A note: sometimes models reuse the output of $f(x)$ to save on computing $f’(x)$, the derivative.
If you already know $f(x)$ it may help when calculating $f’(x)$. For example, the derivative of the sigmoid function is
$f’(x) = \frac{1}{1+e^{-x}} * (1- \frac{1}{1+e^{-x}}) = f(x) * (1-f(x))$.
We would plug in $f(x)$ into the equation to find $f’(x)$ instead of calculating the derivative from scratch, saving computational time.
I still use this, mainly due to my limited knowledge of neural networks. Great for classification problems.
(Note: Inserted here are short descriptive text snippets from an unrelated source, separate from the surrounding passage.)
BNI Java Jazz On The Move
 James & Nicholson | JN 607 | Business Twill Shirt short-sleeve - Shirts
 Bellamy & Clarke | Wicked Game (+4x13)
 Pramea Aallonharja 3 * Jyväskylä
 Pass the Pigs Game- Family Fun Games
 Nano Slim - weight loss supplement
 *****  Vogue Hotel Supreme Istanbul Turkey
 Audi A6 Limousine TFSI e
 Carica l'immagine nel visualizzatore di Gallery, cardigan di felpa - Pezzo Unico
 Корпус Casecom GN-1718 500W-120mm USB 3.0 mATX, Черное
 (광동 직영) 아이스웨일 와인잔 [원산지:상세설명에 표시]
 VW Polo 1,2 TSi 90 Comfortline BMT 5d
$$\begin{align} f(x) & = \frac{1}{1+e^{-x}}\\ f'(x) & = \frac{d}{dx} (1+e^{-x})^{-1} \\ & = -(1+e^{-x})^{-2} \times \frac{d}{dx} (1+e^{-x})\\ & = (1+e^{-x})^{-2} \times e^{-x}\\ & = \frac{e^{-x}}{(1+e^{-x})^{2}}\\ & = \frac{(1+e^{-x})-1}{(1+e^{-x})^2}\\ & = \left(\frac{1}{1+e^{-x}}\right) - \left(\frac{1}{(1+e^{-x})^2}\right)\\ & = \frac{1}{1+e^{-x}} \times \left(1-\frac{1}{1+e^{-x}}\right)\\ & = f(x)\times (1-f(x)) \end{align}$$
Scaled up version of the sigmoid function but better.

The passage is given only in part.